So, you own a moving company in Rhode Island and get calls from Connecticut to handle moving people's stuff... except the jobs start and end in Connecticut. You politely tell the potential profit making customer that you can't take their money because you're not licensed to operate in Connecticut. But since you get so many calls you decide to open a branch in Connecticut.
But first, you have to play "Mother, May I" with the State Department of Transportation.
Yes, really:
If Connecticut is open for business, Bob Romano wants to know who turned out the lights.
Romano, owner of Warwick, R.I.-based Coutu Brothers Movers, applied several months ago to expand his current three-truck moving operation into North Stonington. By his estimation, Romano spent more than $6,000 doing everything the state Department of Transportation told him to do: leasing a convenient location on Norwich-Westerly Road, paying his business-entity fee and even making repairs to the office space he intended to occupy.
Then, last week, a DOT hearing officer issued what Romano saw as a stunning denial of his application, saying the business owner had not proved there was a need for his services and noting that two other moving companies in the region had claimed new competition would hurt their businesses.

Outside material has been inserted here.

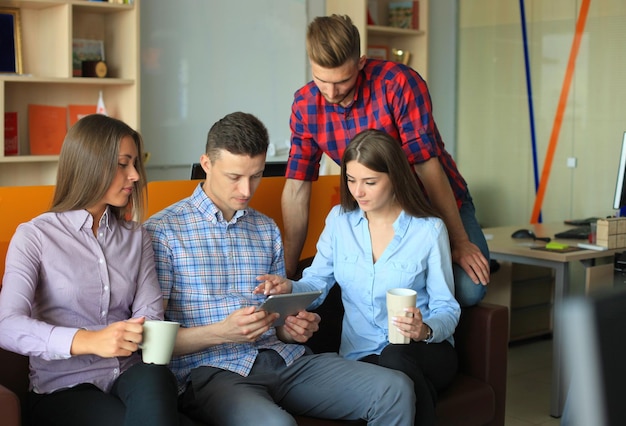 Groep zakenmensen die aan tablet werken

It would appear that Connecticut state government is in the business of ... raising barriers to entry to business. How did it come to be that a small business has to demonstrate a need before being allowed to open? Why is the government licensing and permitting moving companies in the first place? I mean, other than the making sure their trucks are registered and insured, why does this guy have to beg to compete for business? As is usually the case, when government over regulates government becomes a tool of established businesses to keep upstarts out - or sometimes a weapon for one business to use against another.
But Connecticut is turning a corner. After spending a sweet $27 Million dollars on out of state advertising, we're proclaiming ourselves to be... Still Revolutionary. $27 million. I could have come up with something only half as bad for a quarter of the money.
Connecticut: Still Revolutionary, unless you run a business.